┌──
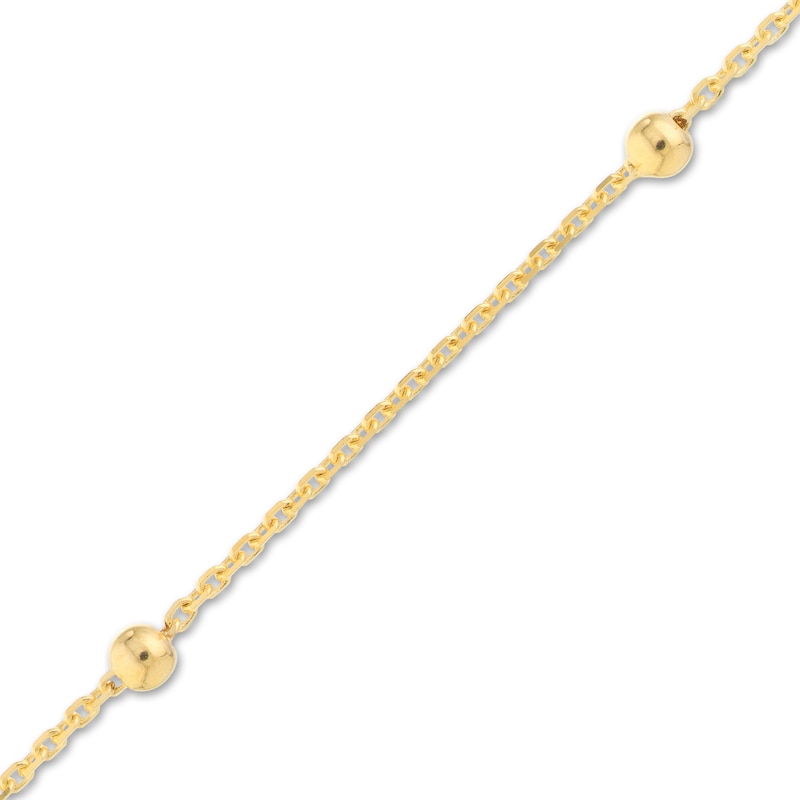 Beaded Station Bracelet 14K Yellow Gold 7.5" Adj.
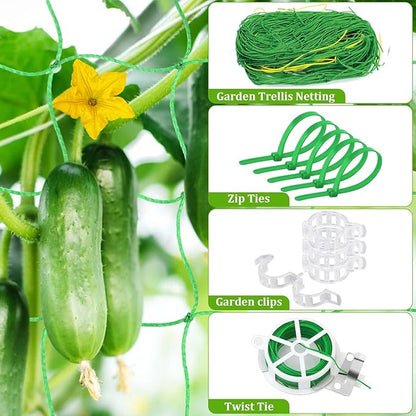 Cucumber Trellis with Grow Bag, 50 x 36 Inches Reusable Garden Vegetable Trellis with Fabric Raised Bed, Climbing Net and Plant Support Clips for Greenhouse Climbing Plants
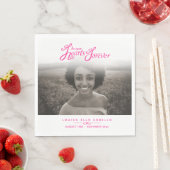 私たちのハートで永遠に白ピンクの葬儀を写真 スタンダードランチョンナプキン (インサイチュ)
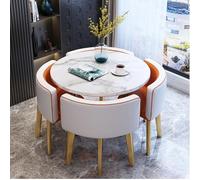 Small Round Dining Table Set for 4 - Versatile Conference Table Space-Saving Design for Living Room Kitchen & Lounge - Stylish Orange & White Finish
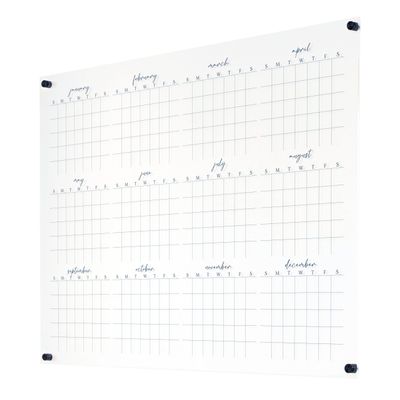 Yearly Calendar 2025, Yearly Wall Calendar 2025, Horizontal Yearly Acrylic Calendar, Dry Erase Acrylic Calendar, Clear Whiteboard Calendar (Cursive, Navy, 47.5"x36")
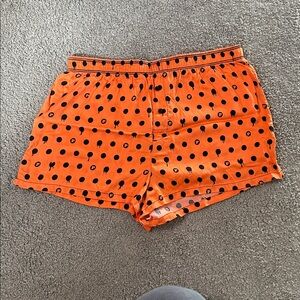 Victoria's Secret Orange and Black Polka Dot Halloween Sleep Shorts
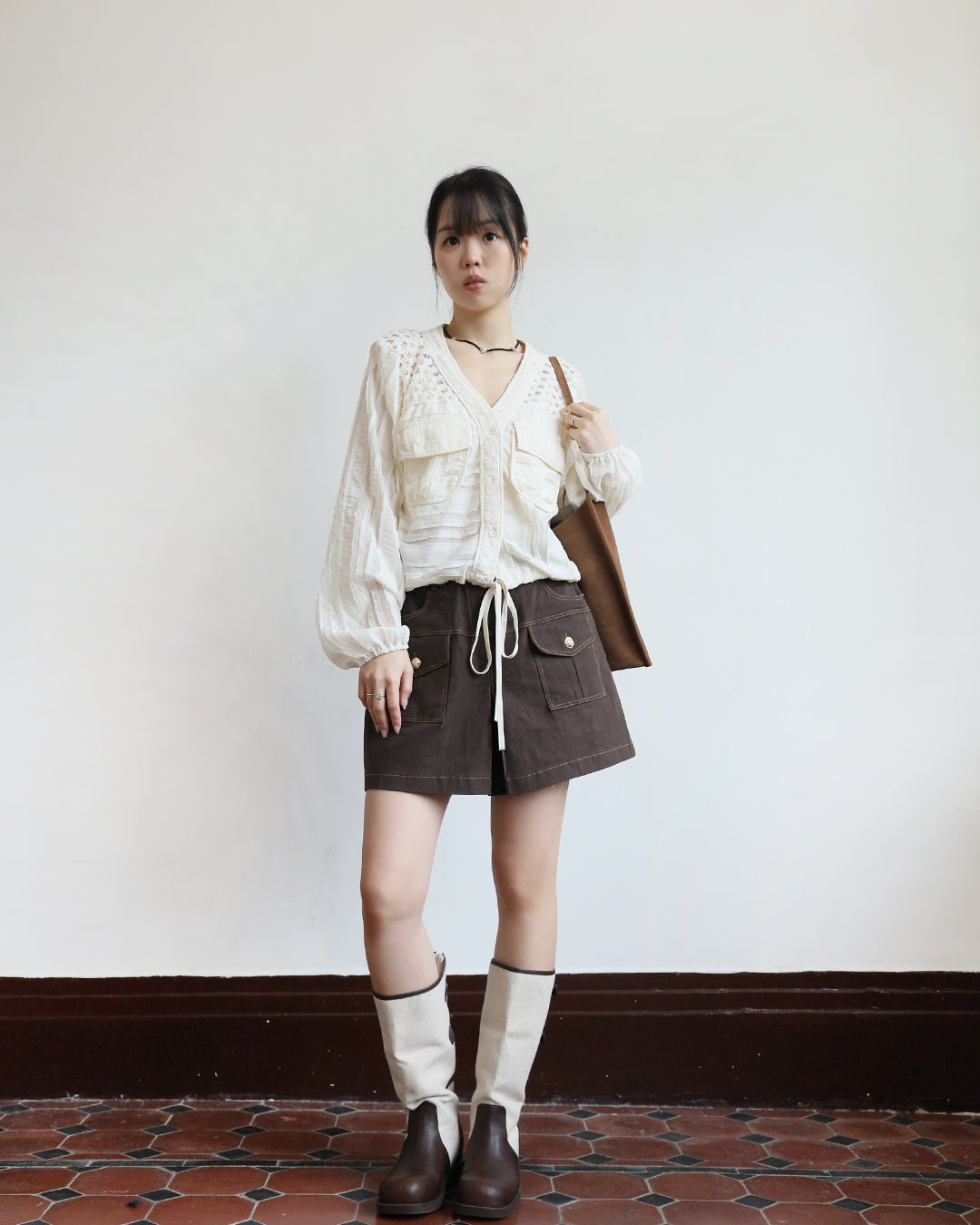 Mix Fabric Drawstring Top (2 Colors)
└──
## Exercise details
Give the data back exactly, omitting all pictures.

## Reply to the exercise
 Beaded Station Bracelet 14K Yellow Gold 7.5" Adj.
 Cucumber Trellis with Grow Bag, 50 x 36 Inches Reusable Garden Vegetable Trellis with Fabric Raised Bed, Climbing Net and Plant Support Clips for Greenhouse Climbing Plants
 私たちのハートで永遠に白ピンクの葬儀を写真 スタンダードランチョンナプキン (インサイチュ)
 Small Round Dining Table Set for 4 - Versatile Conference Table Space-Saving Design for Living Room Kitchen & Lounge - Stylish Orange & White Finish
 Yearly Calendar 2025, Yearly Wall Calendar 2025, Horizontal Yearly Acrylic Calendar, Dry Erase Acrylic Calendar, Clear Whiteboard Calendar (Cursive, Navy, 47.5"x36")
 Victoria's Secret Orange and Black Polka Dot Halloween Sleep Shorts
 Mix Fabric Drawstring Top (2 Colors)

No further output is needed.